§ **Activity**
The answer must be the full data, restated word for word, with no pictures in it.

%%

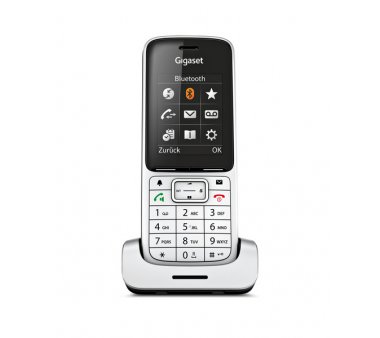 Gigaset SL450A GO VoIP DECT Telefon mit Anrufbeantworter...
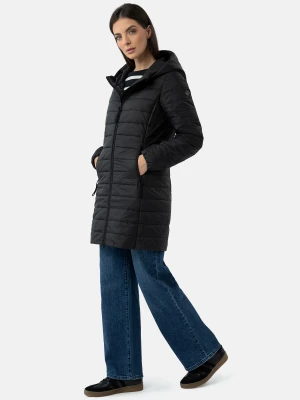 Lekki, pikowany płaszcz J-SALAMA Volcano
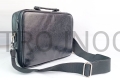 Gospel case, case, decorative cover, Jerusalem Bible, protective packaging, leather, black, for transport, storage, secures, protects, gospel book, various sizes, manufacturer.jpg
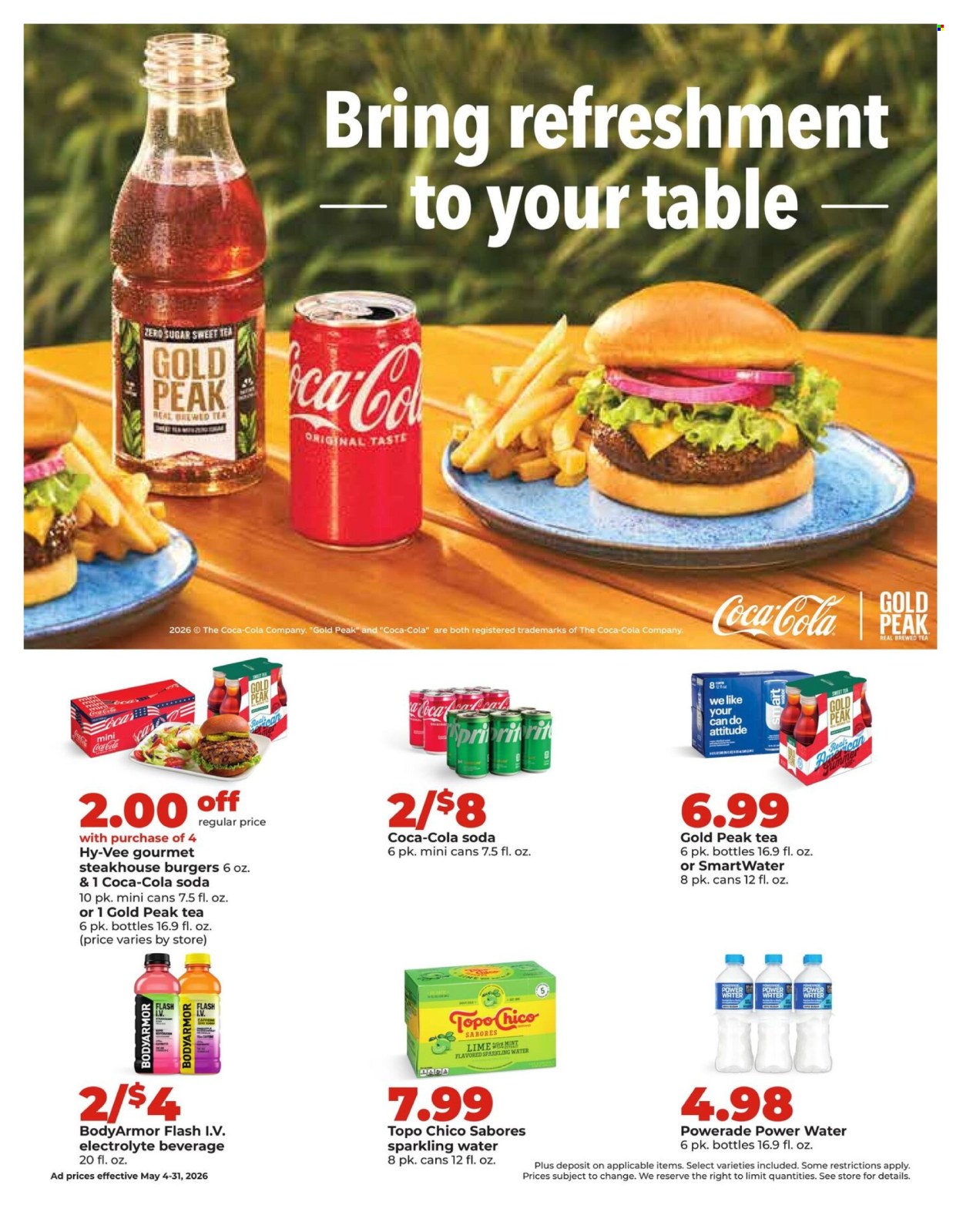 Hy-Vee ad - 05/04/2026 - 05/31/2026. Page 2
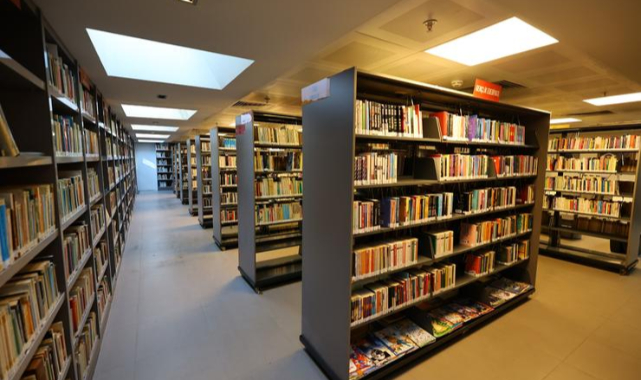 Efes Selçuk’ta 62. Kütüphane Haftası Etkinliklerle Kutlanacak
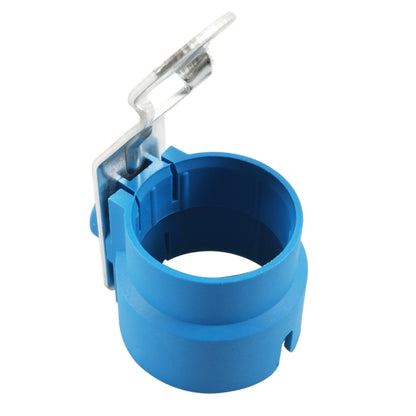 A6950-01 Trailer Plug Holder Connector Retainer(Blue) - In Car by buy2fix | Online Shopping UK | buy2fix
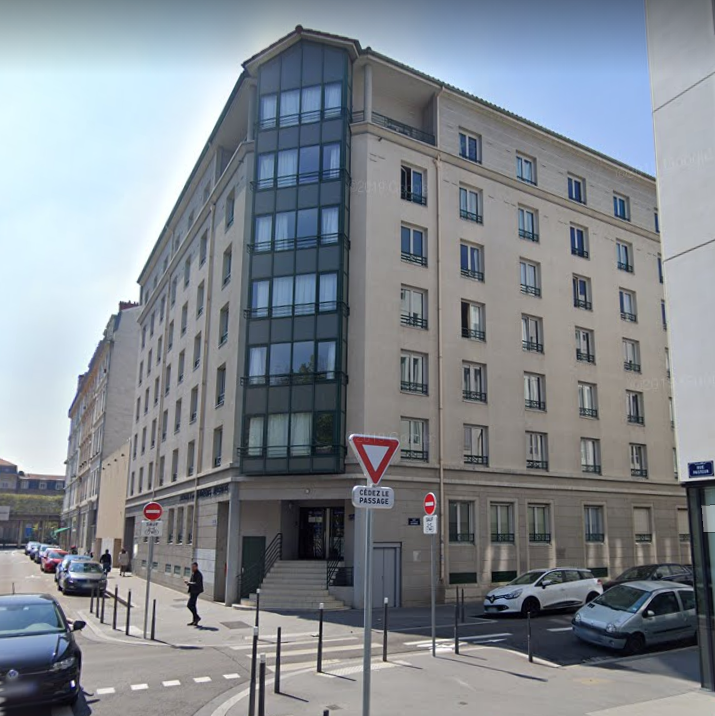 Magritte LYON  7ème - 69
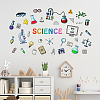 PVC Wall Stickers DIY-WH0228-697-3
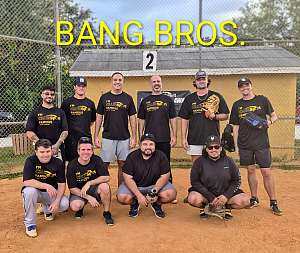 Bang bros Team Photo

%%

§ **Answer to this problem**
 Gigaset SL450A GO VoIP DECT Telefon mit Anrufbeantworter...
 Lekki, pikowany płaszcz J-SALAMA Volcano
 Gospel case, case, decorative cover, Jerusalem Bible, protective packaging, leather, black, for transport, storage, secures, protects, gospel book, various sizes, manufacturer.jpg
 Hy-Vee ad - 05/04/2026 - 05/31/2026. Page 2
 Efes Selçuk’ta 62. Kütüphane Haftası Etkinliklerle Kutlanacak
 A6950-01 Trailer Plug Holder Connector Retainer(Blue) - In Car by buy2fix | Online Shopping UK | buy2fix
 Magritte LYON  7ème - 69
 PVC Wall Stickers DIY-WH0228-697-3
 Bang bros Team Photo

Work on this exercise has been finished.